Because Sadie seemingly never eats, drinks or sleeps, and as the séances start to bring back her memories, they also bring back supernatural abilities: The Glow (because the title The Shining was already taken.) And with them, some unexpected punishments for Evelyn and Mason's mistreatment of her.


SPOILER ALERT for this paragraph especially, as it's hard to say much about the rest of the story without giving away the sudden left turn the play takes away from a ghost story into wider mythical fantasy: Sadie, more commonly known as Brook but essentially nameless, appears human but is unique, an immortal who's existed long before humanity but longs for their company. But for the most part when humans have discovered her true nature - which she herself doesn't really understand, even when she gets her memory back - they've banished, destroyed her or, like Edward III, tried to steal her immortality. But even when she's been burnt as a witch or cut into pieces, The Glow allows her to heal and continue with her lonely life, whether she really wants to or not.

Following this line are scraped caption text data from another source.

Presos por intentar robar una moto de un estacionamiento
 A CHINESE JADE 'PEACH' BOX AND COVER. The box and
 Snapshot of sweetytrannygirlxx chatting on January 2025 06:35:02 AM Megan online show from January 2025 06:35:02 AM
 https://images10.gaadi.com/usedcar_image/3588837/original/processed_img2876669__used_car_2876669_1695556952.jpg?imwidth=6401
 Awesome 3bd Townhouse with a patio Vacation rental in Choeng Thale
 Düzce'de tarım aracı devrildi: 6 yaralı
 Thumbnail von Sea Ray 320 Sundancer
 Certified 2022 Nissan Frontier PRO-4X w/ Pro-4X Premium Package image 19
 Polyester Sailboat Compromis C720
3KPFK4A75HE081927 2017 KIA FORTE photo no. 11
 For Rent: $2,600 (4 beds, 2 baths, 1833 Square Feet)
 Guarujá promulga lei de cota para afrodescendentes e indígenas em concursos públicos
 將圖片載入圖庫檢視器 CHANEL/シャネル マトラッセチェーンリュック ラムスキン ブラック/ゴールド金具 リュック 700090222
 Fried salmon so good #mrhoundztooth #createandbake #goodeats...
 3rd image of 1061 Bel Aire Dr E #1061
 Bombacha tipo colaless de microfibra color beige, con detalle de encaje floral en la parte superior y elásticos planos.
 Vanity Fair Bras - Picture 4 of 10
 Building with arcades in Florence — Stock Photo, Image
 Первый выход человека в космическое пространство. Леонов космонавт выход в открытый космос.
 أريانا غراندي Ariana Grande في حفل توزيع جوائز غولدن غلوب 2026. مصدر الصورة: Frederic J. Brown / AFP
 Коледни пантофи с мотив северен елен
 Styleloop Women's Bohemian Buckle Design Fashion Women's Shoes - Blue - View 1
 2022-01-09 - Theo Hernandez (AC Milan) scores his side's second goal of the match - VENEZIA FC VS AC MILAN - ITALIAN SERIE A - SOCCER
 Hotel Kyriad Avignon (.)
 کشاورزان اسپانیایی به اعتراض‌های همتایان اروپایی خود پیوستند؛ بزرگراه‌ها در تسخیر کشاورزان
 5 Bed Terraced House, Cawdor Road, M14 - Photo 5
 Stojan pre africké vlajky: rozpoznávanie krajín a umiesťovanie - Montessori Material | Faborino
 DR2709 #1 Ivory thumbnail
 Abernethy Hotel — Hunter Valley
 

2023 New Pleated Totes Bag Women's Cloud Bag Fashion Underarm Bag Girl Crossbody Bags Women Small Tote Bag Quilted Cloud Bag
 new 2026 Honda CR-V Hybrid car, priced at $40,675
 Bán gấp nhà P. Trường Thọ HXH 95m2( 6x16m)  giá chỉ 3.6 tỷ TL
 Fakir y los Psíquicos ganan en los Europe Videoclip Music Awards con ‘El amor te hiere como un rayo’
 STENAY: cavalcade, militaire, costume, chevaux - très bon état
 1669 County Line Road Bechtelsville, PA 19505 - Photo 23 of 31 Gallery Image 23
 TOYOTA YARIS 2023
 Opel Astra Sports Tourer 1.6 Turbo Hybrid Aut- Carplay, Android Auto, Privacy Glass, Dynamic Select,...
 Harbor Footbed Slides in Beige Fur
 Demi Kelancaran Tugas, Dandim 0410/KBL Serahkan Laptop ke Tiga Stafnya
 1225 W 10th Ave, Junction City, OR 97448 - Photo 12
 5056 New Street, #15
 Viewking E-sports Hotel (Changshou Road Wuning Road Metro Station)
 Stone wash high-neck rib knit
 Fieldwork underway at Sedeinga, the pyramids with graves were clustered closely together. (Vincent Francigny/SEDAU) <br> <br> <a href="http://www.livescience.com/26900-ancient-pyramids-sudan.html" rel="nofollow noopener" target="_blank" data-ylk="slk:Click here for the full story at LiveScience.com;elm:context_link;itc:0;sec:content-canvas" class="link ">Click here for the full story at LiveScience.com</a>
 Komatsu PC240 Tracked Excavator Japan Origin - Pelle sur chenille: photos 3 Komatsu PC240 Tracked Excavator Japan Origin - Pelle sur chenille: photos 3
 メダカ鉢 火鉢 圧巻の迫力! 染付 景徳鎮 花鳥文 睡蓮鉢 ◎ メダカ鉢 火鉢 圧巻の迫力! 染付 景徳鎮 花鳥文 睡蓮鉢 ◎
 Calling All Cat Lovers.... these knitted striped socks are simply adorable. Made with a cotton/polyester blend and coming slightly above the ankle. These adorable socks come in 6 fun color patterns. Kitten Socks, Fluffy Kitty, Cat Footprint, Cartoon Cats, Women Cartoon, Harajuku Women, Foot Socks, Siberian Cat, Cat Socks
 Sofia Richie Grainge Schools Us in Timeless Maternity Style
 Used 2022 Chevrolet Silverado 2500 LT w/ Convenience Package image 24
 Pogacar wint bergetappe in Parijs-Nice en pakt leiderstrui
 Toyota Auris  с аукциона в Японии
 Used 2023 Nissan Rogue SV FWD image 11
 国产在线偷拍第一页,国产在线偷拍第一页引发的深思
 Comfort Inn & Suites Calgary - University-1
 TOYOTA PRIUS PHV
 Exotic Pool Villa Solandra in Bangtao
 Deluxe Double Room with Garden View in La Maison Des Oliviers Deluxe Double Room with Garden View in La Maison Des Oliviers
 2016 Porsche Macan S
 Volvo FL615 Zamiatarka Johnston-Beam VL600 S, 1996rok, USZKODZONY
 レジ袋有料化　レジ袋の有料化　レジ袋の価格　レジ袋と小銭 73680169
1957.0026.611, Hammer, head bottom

Vicky Featherstone's production is hugely atmospheric - Merle Hensel's set is an imposing black stone prison with moving walls, which Jessica Hung Han Yun's lighting fills with ominous shadows, and Nick Powell's sound design is equally moody. At first this is all in service of the misdirect about this being a horror story, but in the second act it works just as well at maintaining the air of mystery (and as I suggested at the start, a mystery McDowall has no intention of solving for us.)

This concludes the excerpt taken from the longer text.